Exercise aim
Your copy should begin at the line containing "Piège collant jaune" and end at the last line of the records below, matching each line exactly and leaving out pictures.

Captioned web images
══════════

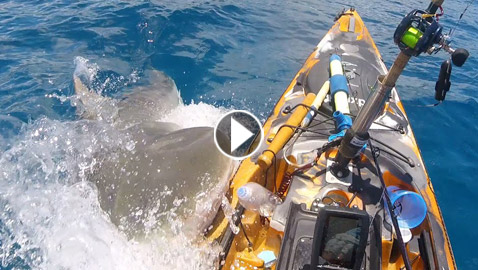 مشهد لا يمكن وصفه.. سمكة قرش تهاجم صيادا وتقضم قاربه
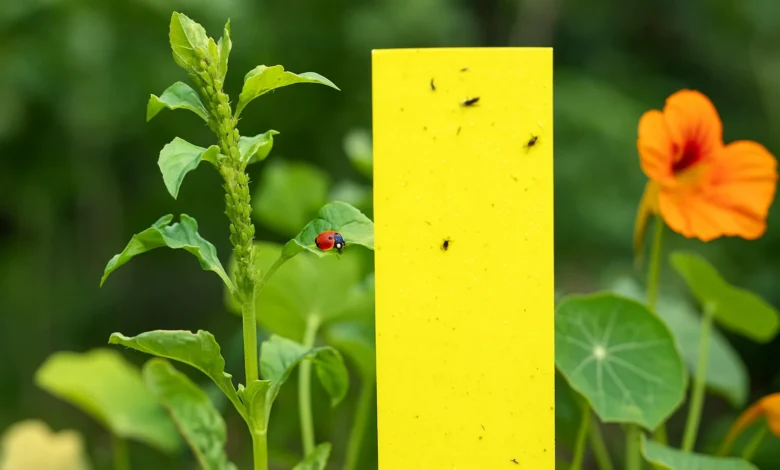 Piège collant jaune contre pucerons avec coccinelle et capucine dans un jardin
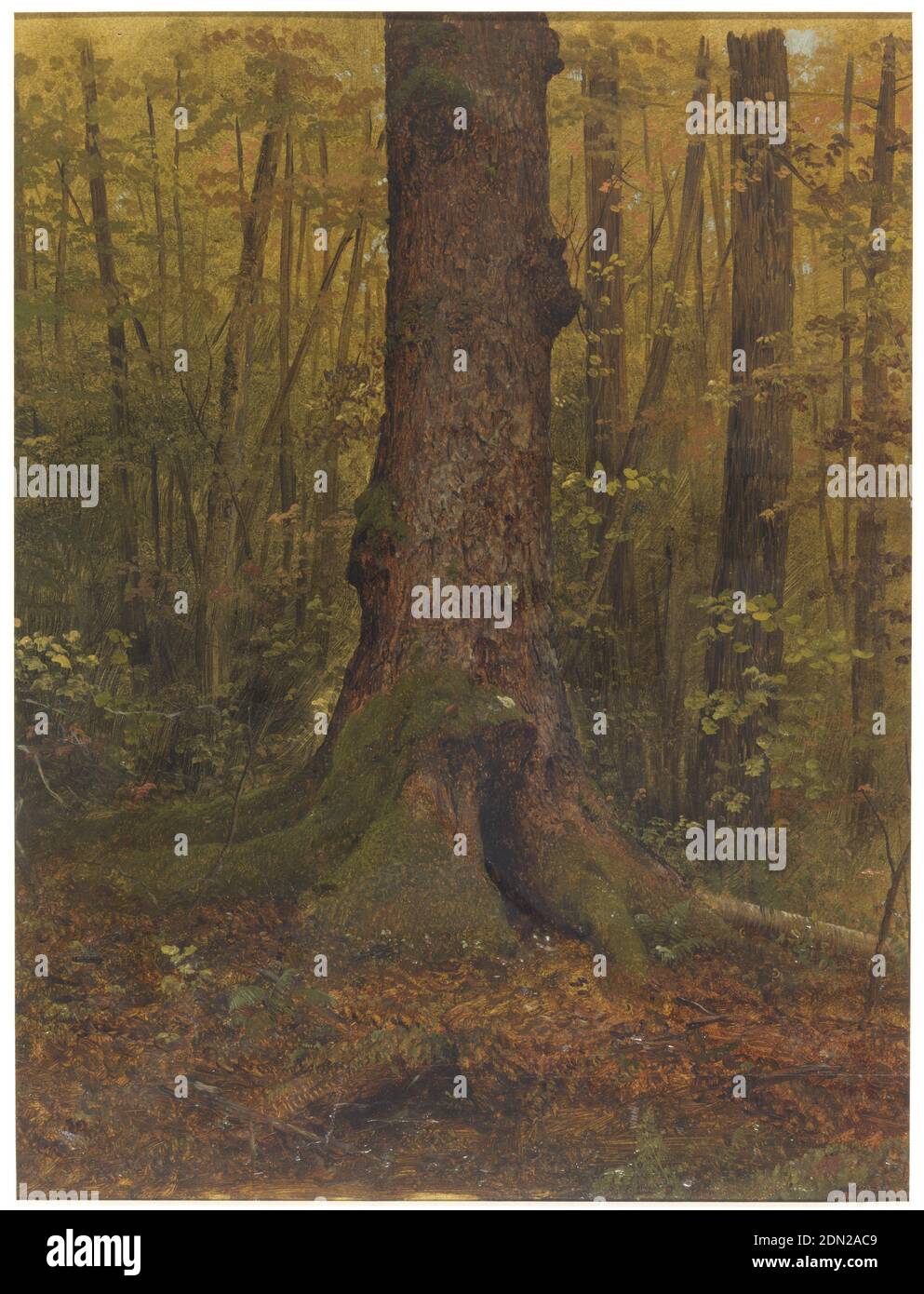 In the Woods, Maine, Frederic Edwin Church, Amerikaner, 1826–1900, Pinsel und Ölfarbe auf Pappe, wahrscheinlich Maine Landschaft. Unterer Teil eines Baumes ist vor einem Hintergrund von Unterholz und Bäumen dargestellt., USA, 1850–60, Landschaften, Zeichnung Stockfoto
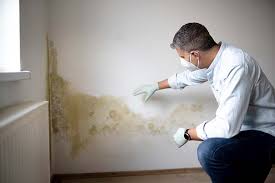 Best Industrial Mold Remediation  in Rock Falls, IL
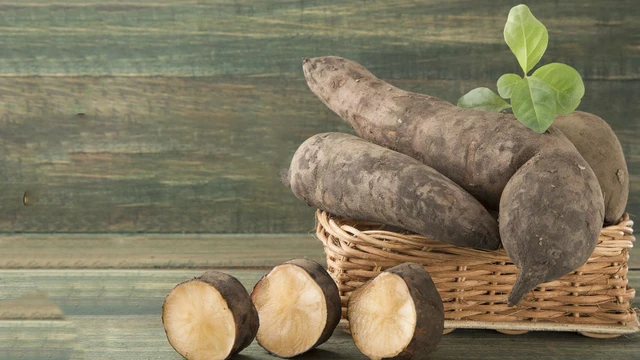 bai-viet/cu-sam-dat-va-loi-ich-tang-cuong-suc-khoe-it-ai-biet-47782.html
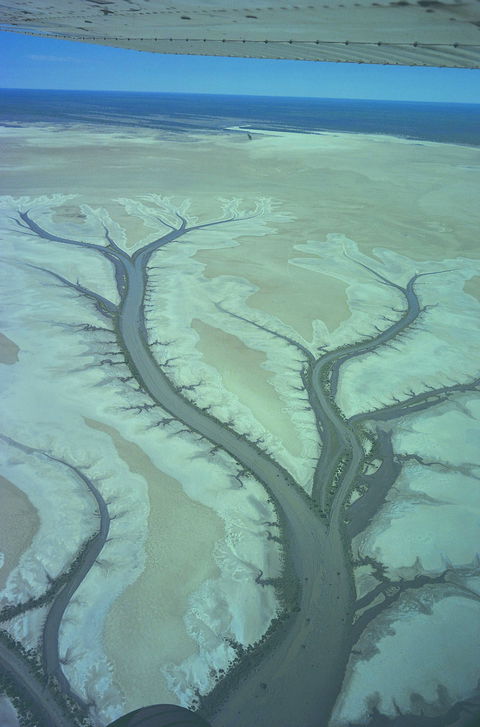 Tidal Flats - Stayed 0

══════════

Exercise result
 Piège collant jaune contre pucerons avec coccinelle et capucine dans un jardin
 In the Woods, Maine, Frederic Edwin Church, Amerikaner, 1826–1900, Pinsel und Ölfarbe auf Pappe, wahrscheinlich Maine Landschaft. Unterer Teil eines Baumes ist vor einem Hintergrund von Unterholz und Bäumen dargestellt., USA, 1850–60, Landschaften, Zeichnung Stockfoto
 Best Industrial Mold Remediation  in Rock Falls, IL
 bai-viet/cu-sam-dat-va-loi-ich-tang-cuong-suc-khoe-it-ai-biet-47782.html
 Tidal Flats - Stayed 0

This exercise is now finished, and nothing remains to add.